1. Lifeline
    Offline

    Lifeline The Dark - not in Wonderland Supporter Contributor

    Joined:
    Oct 12, 2015
    Messages:
    1,406
    Likes Received:
    1,557
    Location:
    UK - the place betwixt and between

    How do you do research?

    Discussion in 'Character Development' started by Lifeline, Oct 13, 2015.

    I wanted to just put the idea out there, see what you make of it:

    Recently I read another interview, where an author talked about doing a whole lot of research before starting to write with the goal that he could make the world more real to his readers. Things like smell/society/dresscode/.. (really, just read an essay on worldbuilding to know what I am talking about) to name a few, would make it more easy to accept.
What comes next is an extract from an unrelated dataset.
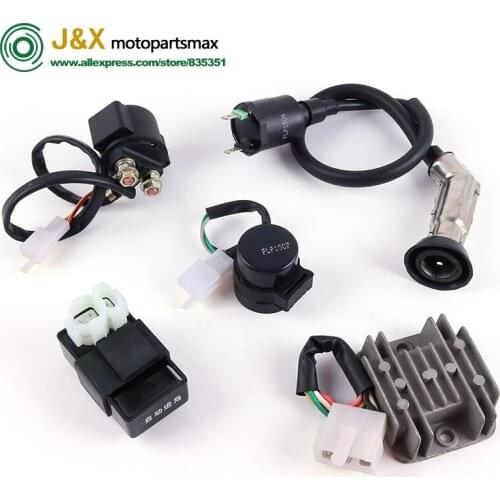 Ignition Coil 6 Pin CDI Solenoid Relay Regulator SET For 50 125 150cc GY6 ATV Go Kart Scooter Moped JCL NST TAOTAO
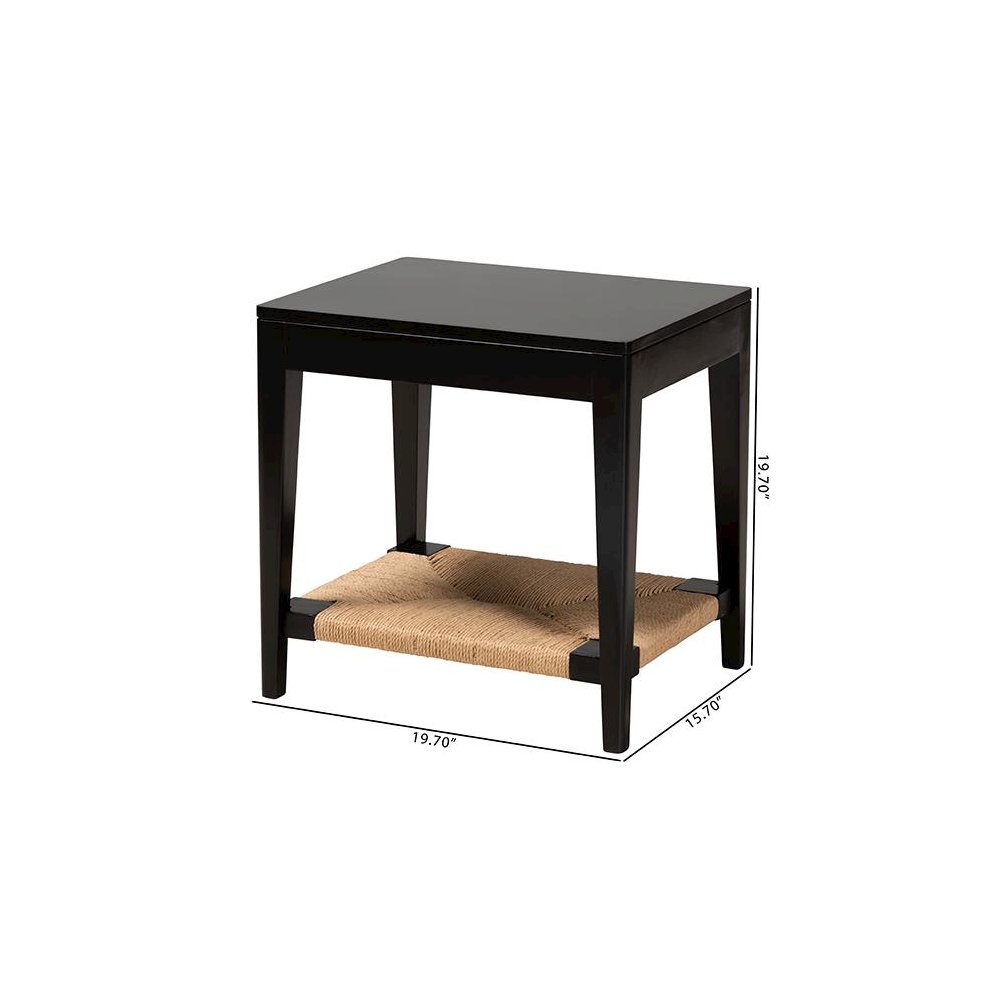bali & pari Freya Modern Bohemian Black Finished Bayur Wood End Table. Picture 8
    Yet I think that there is another kind of research, which for me is more important and it has to do with character-building. If I want to make a character interesting I have to give him a real personality, and that does not mean I want to be limited to my own, personal experiences. So..

    Some people are more easily swept along on paths they would not follow on their own (music, or videos, watching nature, or art can accomplish that for me). Their minds then can explore new experiences, which they did not have before. Imagine 'what it would be'. For example, I sometimes watch war movies, or disturbing ones, or drama, just to get an idea of this particular experience. That does not mean that I would seek out this experience personally, but if I want to write realistically, if I want to draw my reader in, then I have to give his imagination kicks. And there is nothing more exasperating (for me) than reading about a one-dimensional character who does not grow on his story. And that means I have to have some idea of what I am putting him through, that he can draw his own conclusions. Does that sound schizophrenic? :D

    Anyway, hope you can make something of this post :) and I will be interested what you think!
     
  2. California Solo
    Offline

    California Solo New Member

    Joined:
    Oct 13, 2015
    Messages:
    8
    Likes Received:
    2
    I love character development-related research, honestly. It's just so fun. I'll give you potential writing scenario and then how I would address it to give you an idea of what I would do.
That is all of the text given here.